His Wyoming-based startup, Encore Green Environmental, is pursuing a pilot project to clean up effluent waste from booming industry operations in southeastern New Mexico and then spray it over desert areas to increase vegetation for ranching and erosion control.
His company already has one pilot project under way at a Wyoming ranch near Cheyenne. In early April, Nash submitted permit applications with the New Mexico Environment and Energy, Minerals and Natural Resources departments to become the first company here to reuse oil-and-gas effluent, known as produced water, outside of industry operations.
“Regulators must review our application to figure out what’s next,” Nash said. “There’s a big learning curve, because no one has done this until now. But we want to be the first pioneers to start this process in New Mexico.”
Nash waited until Gov. Michelle Lujan Grisham signed House Bill 546 into law before submitting his applications. The bill, known as the Produced Water Act, will take effect in July, potentially opening the floodgates for the first time for produced water to be recycled for use beyond New Mexico’s oil fields.
Supporters say the new law marks a revolutionary step forward for the industry, and for New Mexico as a whole, possibly generating more than 40 billion gallons of new water resources annually for the state. House Speaker Brian Egolf, D-Santa Fe, called it “breathtaking,” and one of the “greatest environmental accomplishments” to come out of the state Legislature.
But others are highly wary about the potential risks of moving too fast, including environmentalists and state officials charged with writing new rules and regulations to oversee implementation of the law. Some environmental groups outright oppose it.
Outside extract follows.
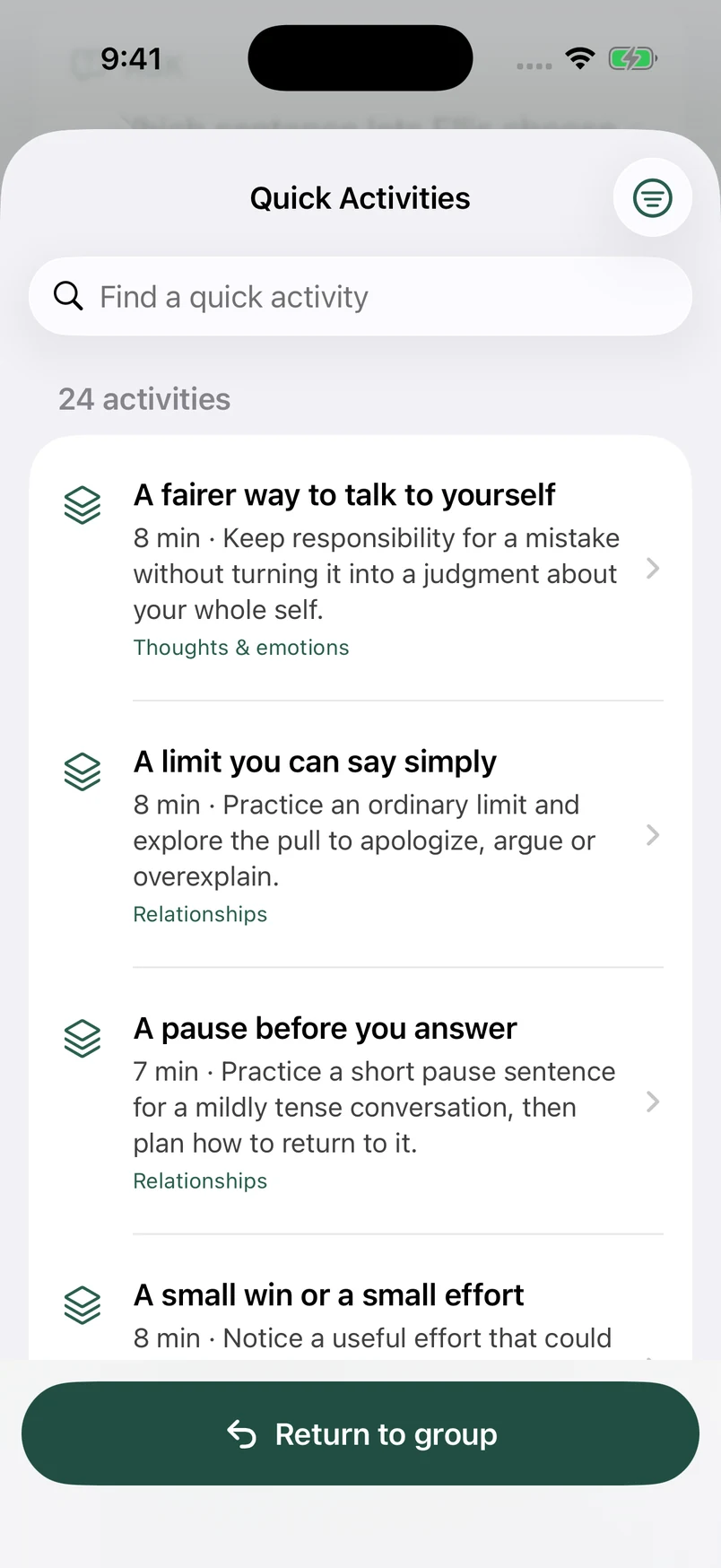 Quick Activities library showing eight-minute and seven-minute activities about self-talk, limits, and pausing.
The state Water Quality Control Commission still must establish standards and procedures for moving forward, including an open, public rule-making process where everyone can weigh in, Environment Secretary James Kenney said.
“It will take some time before we would issue any permits, because we first need to develop a process to protect water quality with scientific data,” Kenney said.
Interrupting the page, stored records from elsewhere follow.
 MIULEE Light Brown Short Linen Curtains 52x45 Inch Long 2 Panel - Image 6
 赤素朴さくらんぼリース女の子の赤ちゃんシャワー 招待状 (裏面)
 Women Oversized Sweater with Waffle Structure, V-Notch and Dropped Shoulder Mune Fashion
It’s unclear how long that may take.
“People have legitimate concerns about using produced water and how it’s treated. We need to hear from them about their concerns through a public process,” Kenney said.
Everyone, including industry, supports careful scientific review of the potential risks and safety measures needed before reusing wastewater for things like agriculture or other industrial purposes, much less considering it for recycling into fresh water systems.
That’s because it’s some of the dirtiest water managed by any industry, often 10 times more saline than seawater. It’s generally laced with myriad metals and other elements that seep into it underground, including naturally occurring radioactivity. And oil and gas operators often add scores of chemicals to it during operations, particularly for hydraulic fracturing of wells.
Between five and seven barrels of wastewater comes up from wells with every barrel of oil. And with production now booming in the Permian, the amount of accumulated wastewater is astronomical, reaching more than 1 billion barrels in New Mexico in 2018, according to the Energy, Minerals and Natural Resources Department.
That totals about 40 billion gallons, or more than Albuquerque uses every year.
“If we’re breaking oil production records now in the Permian, it means we’re also breaking records in produced water,” said Bill Brancard, general counsel with Energy, Minerals and Natural Resources.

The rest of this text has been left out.